Deliver Us From Evil (2014) Review


This movie sounded like more of a horror based and modern take on Se7en from the blurb I had found online, which is why I took it upon myself to watch it.

That was a mistake. Not me choosing to watch it, just the blurb which talked it up way, way too much. Deliver Us From Evil is a religious-horror themed crime-thriller starring Eric Bana as Detective Satchii, from special-ops. Being set in the Bronx means we get to see a lot of graffiti and beat up old houses. I’ve never been there but I’m sure that there must be some nice parts of the Bronx. But then again we all know that ghosts and ghouls and satanic demons all prefer a crack den over a nicely furnished penthouse.

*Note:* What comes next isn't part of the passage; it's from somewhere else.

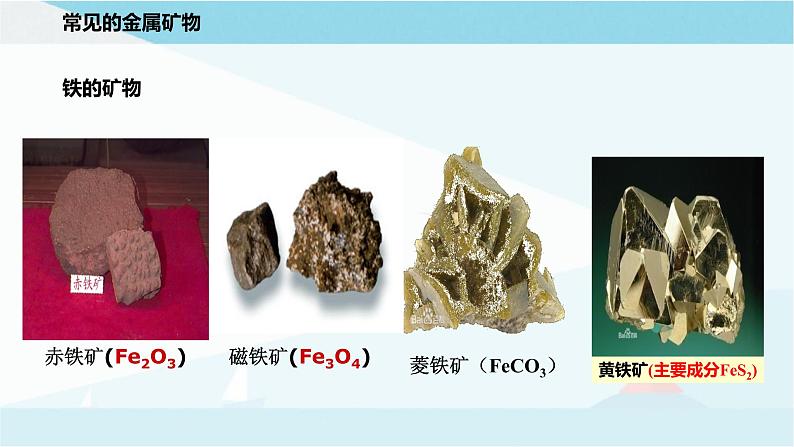 沪教版化学九上5.2《金属矿物 铁的冶炼》课件+同步练习(含解析版）+素材05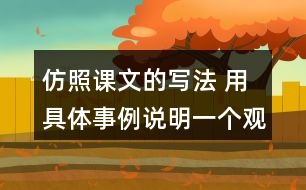 仿照課文的寫法 用具體事例說明一個(gè)觀點(diǎn) 如有志者事竟成 玩也能玩出名堂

Satchii is investigating some rather morbid child murders starting with a 6 month old baby and spanning to a 6 year old. After the movie starts with a found footage piece from some soldiers in Iraq, we are chucked into the centre of these crime investigations. A baby found in a dumpster, a 2 year old chucked into a lion’s enclosure at a zoo. So, the detective finds an incredibly weak link in that the soldiers went to war together and just so happened to serve together on the exact mission in the film at the start of the movie. Spurious plot aside, the movie does a good job of showing us the relationship between the detective and his partner cop. The nature of each crime keeps the intrigue up for the viewer.

By half way through the film, for no explainable reason, our Detective starts to become religious and believes, trusts and enlists the help of a Jesuit exorcist. After a goose chase of random ‘possessed’ people and a very slow uneventful build up we get a 30 minute long exorcism to finish up the movie.

This, in my opinion was the best part of the film, just a shame that I was half asleep by this point after 1h30 of slow build up and back story. The exorcism is fun and scary and gritty and I loved it.

This is a film that I honestly cannot say is great but also hand on heart cannot say is bad either. One thing, though, is that it felt like it would fit a feature length TV structure a bit like True Detective.